I have wrestled with the idea of doing this article. It sounds like a cool idea, but there is so much to touch on. So, as of yesterday, this idea was dead. Today, after work, I received a sign from God much like Jesus and Abraham. I got an email from a teacher telling me to get a book, read it, expect a full day of work on day 1, and a homework list. Fuck life. When I say going back to school on Saturday, I mean go out and party, not school. So, fuck that and let's roll with the preview four years in the making. It is going to be bigger than the Olympics, World Cup, or any reunion Rolling Stones tour.

This is dedicated to the first night of school. The first time you threw up. To that weird roommate. To that cool roommate. To that party you wanna remember. To that random hook up. To that hook up you loved but hated the next day. To person you talked to for a while and now ignore. To that girl/guy. To that football game. To that session. To that bar fight. To all those times and more.

1703: Team Michael vs. Team Feldblatt. A battle brewing for many decades, perhaps in a previous life. Divided, this room will grow stronger (suck on that Lincoln). We will branch out and take over the floor with our rude and fun behavior.

The Players:
Michael P aka Handsome Bob- As a youth, he spent too long in front of mirror. Blinded by his stunning good lucks, he hopes to one day fuck himself. On the other side of that, he is unfazed in beer pong due to his supreme confidence. Currently, he wants to join the famous Luftwaffe or Tuskegee Airmen, but does not understand why he is not being accepted.

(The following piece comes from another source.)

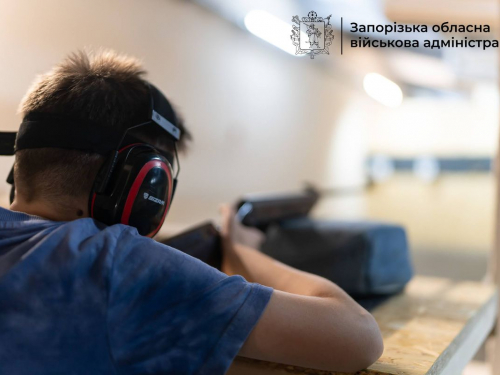 У Запоріжжі майстри спорту безкоштовно тренують колишніх військових та їхні родини у сучасному тирі - фото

Michael J aka Bruce Banner- Banner is the man who becomes the Hulk when angry. Michael is a smart man who becomes Barney Gumble and Homer Simpson with 3 beers. Once claimed he could drink 14 shots, and failed. Recently scalped by Eli Roth, Brad Pitt, and Quentin Tarintino. Guest Blogger and potential law student, he struggles to find a cure for that and for a diet of pure Kashi Go Lean. Fighting for a cure. Unfortunately, that balcony spells bad news.

Kornelius aka The Animal- His sobriety makes Jaco look normal. Once a promising football star, now just a slow Jew. After several steroid treatments, he gave up on football to become an advertising executive like Don Draper, but more of a pervert and less hot women. He is the muscles of Team Feldblatt and will back up all of my drunken shit talking. His one weakness is that he cannot find his drinking mug.

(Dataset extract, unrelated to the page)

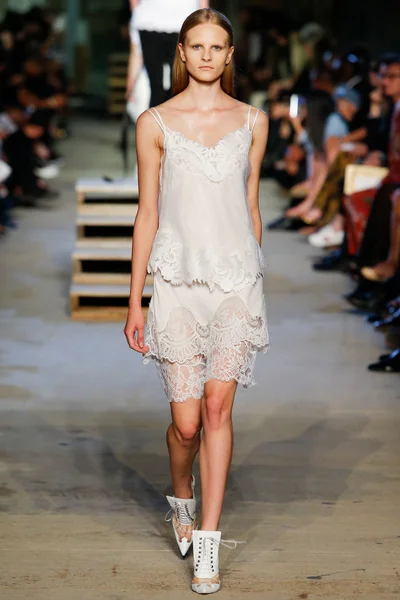 Look 2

Feld aka Smartest Man You Know- A shit talking Jew for a world with too many rappers and not enough MCs. When not ripping shots, he is dragging you down to his level. Few can match his pessimism and bleak outlook on life. He also has been know to prank with the best of him (shit in your closet). Being named Propaganda Chair of Sigma Alpha Mu has taught him the many ways of propaganda reaching from Nazi Germany to the Taliban. Constantly referring to disasters "too soon" and might not have a soul.

The games begin Saturday and end when each team looses a teammate to death by balcony or rape charge.

For the rest of you, there will be large amounts of drinking, blacking out, and other stupid shit. Bitter sweet, but I get to come back one more year.

Thoughts:
  • Mad Men Season 3 Sunday
  • New Team Name option: The Inglorious Basterds
  • I might be the oldest person to attend a rush party next year. Maybe this year, but if I attend next year, I will set the record. Nice.
  • Man goes to baseball game is shocked...by taser.